# ABOUT THIS TASK:
Restate word for word the lines below from the one that has "14k Jesus Christ" through the one that has "One Gram Micro", keeping both and dropping all pictures.

# INFORMATION:
* * *

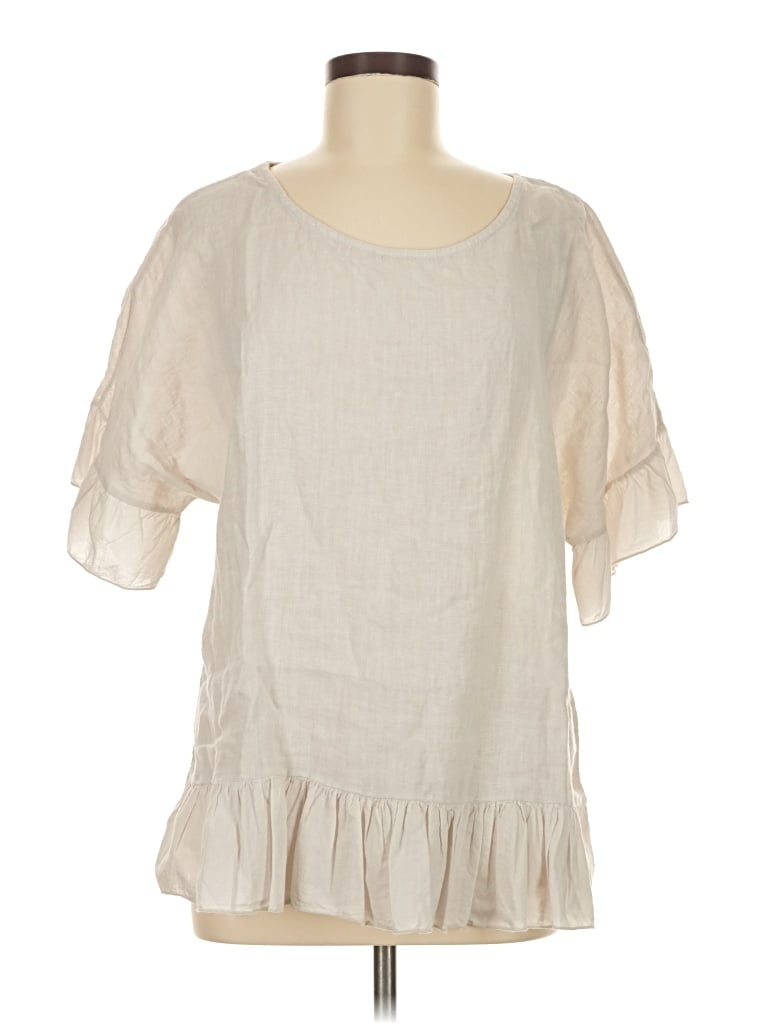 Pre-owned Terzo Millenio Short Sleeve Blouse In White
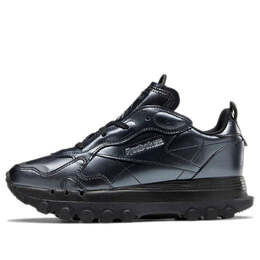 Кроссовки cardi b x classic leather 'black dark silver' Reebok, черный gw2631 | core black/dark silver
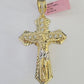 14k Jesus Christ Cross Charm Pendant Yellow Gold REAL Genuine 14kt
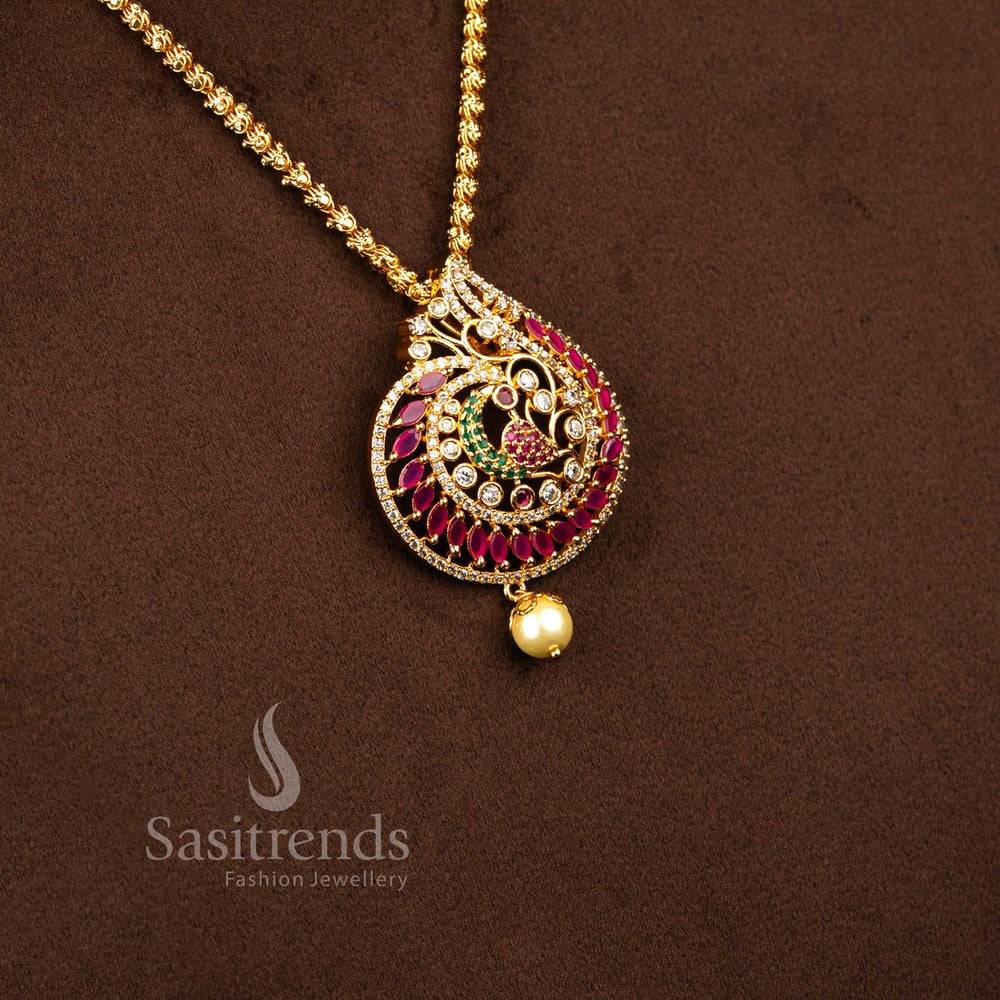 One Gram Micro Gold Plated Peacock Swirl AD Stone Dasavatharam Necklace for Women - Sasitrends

* * *

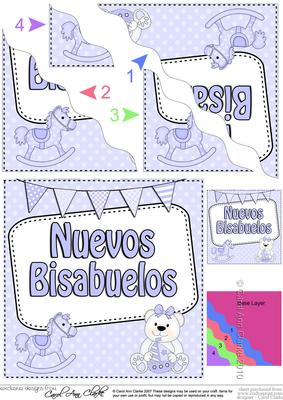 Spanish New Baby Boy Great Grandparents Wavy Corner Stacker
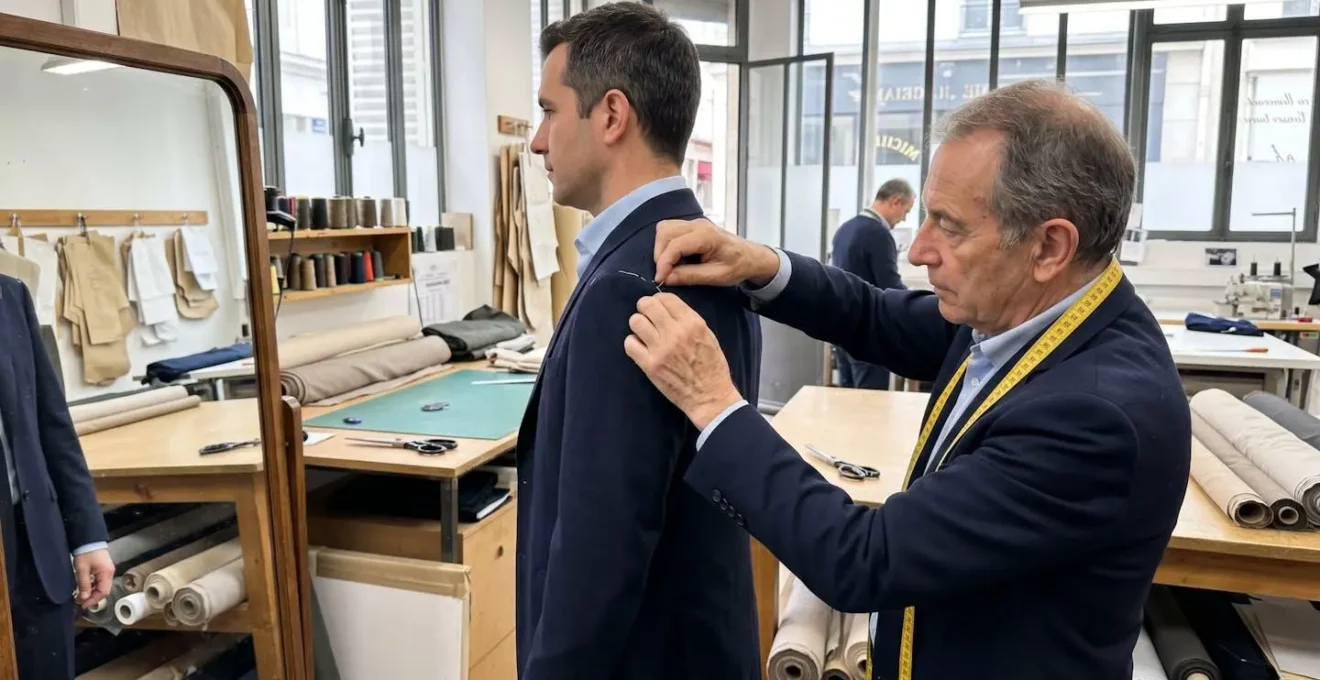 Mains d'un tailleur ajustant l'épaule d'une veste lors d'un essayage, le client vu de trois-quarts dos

* * *

# REPLY TO THE TASK:
 14k Jesus Christ Cross Charm Pendant Yellow Gold REAL Genuine 14kt
 One Gram Micro Gold Plated Peacock Swirl AD Stone Dasavatharam Necklace for Women - Sasitrends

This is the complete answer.